> **What is expected**
Every line of the material below that contains the string "Black" must appear in the answer.

* * * * * * * * *

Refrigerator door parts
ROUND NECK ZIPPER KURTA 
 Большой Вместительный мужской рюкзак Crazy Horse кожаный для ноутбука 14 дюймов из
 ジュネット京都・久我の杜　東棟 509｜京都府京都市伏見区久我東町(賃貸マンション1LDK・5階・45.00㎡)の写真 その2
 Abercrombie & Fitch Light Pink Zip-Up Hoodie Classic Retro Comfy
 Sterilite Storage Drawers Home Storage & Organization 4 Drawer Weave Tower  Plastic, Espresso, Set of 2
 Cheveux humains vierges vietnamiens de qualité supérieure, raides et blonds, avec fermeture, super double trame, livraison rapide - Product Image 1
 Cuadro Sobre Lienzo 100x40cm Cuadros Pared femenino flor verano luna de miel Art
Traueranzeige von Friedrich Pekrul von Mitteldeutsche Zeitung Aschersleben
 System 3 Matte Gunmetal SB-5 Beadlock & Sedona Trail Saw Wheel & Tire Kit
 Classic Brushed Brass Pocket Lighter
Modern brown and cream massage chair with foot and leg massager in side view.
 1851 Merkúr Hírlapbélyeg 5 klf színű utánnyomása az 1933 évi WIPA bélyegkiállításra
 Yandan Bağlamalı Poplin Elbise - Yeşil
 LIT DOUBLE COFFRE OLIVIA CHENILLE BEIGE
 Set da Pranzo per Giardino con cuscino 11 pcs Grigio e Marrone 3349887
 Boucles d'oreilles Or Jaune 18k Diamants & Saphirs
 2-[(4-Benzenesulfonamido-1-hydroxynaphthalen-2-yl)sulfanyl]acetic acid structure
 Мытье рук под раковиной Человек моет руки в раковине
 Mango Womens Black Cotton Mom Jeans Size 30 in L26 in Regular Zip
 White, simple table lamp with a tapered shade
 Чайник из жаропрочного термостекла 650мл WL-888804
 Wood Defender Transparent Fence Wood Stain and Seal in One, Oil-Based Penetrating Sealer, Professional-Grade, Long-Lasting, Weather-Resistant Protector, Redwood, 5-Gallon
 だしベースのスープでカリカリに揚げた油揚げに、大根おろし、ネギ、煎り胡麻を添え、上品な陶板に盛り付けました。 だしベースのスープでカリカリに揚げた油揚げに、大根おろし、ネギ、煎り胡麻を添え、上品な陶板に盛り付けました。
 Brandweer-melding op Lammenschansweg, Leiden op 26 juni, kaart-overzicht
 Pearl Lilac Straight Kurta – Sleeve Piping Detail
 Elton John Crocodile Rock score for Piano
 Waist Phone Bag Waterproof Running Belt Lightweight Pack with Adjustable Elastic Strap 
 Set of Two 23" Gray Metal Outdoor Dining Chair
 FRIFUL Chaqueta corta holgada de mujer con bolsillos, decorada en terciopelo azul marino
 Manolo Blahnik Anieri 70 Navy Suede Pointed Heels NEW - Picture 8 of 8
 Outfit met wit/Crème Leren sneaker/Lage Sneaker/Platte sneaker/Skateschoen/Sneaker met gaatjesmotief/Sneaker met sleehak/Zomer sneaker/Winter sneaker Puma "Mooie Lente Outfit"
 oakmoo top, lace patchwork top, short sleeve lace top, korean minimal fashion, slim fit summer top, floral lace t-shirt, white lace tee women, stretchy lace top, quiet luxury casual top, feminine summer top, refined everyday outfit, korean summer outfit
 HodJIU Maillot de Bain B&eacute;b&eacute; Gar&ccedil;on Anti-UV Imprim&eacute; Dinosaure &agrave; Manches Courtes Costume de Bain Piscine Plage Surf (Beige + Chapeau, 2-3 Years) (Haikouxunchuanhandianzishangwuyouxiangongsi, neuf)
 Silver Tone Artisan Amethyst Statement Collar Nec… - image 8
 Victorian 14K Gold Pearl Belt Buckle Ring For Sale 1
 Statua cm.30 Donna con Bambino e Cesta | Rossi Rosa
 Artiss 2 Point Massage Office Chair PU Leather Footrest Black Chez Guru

* * * * * * * * *

> **Result of this task**
 Mango Womens Black Cotton Mom Jeans Size 30 in L26 in Regular Zip
 Artiss 2 Point Massage Office Chair PU Leather Footrest Black Chez Guru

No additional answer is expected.